As the days wear on, I have become convinced something -- something! -- is going to derail my order and delay my carpet. Here are what I consider to be the Top 10 most likely reasons the retailer will provide for me not getting my carpet in a timely manner:
- My contact information on the order was wrong so they called to tell me they couldn't call to tell me the order was delayed.
- There was a mix-up with the paperwork and I somehow ended up with someone else's 1970s olive green shag pile rug meant for the floor of their Mystery Machine.

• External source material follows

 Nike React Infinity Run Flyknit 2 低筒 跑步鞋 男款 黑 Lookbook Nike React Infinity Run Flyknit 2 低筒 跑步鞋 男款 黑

- A freak blizzard in Derka-Derkastan wilted all the pet stain-resistant carpeting there, so my carpet suddenly became worth its weight in gold and the entire stock was sold to the Derka-Derkastanis overnight.
- <Waves hand> "These aren't the polypropylene fibers you're looking for."
- There was a nuclear explosion at the carpet factory caused by a headstrong, aspirational young technician experimenting with creating seven-twirl carpet fibers instead of the usual six.
- The Lobster People from Planet Neptune used the distribution warehouse as the staging zone for their eventual conquest of Earth.
- A feral herd of velociraptors used my carpet as a scratching post.
- A giant, mutant hamster decided to use my carpet as a booty call.
- ISIS suddenly decided Stainmaster carpet makes an especially sexy burkha, so they seized every carpet factory in the Western hemisphere using pickup trucks and XACTO knives.
- Global warming. You know -- global warming, man.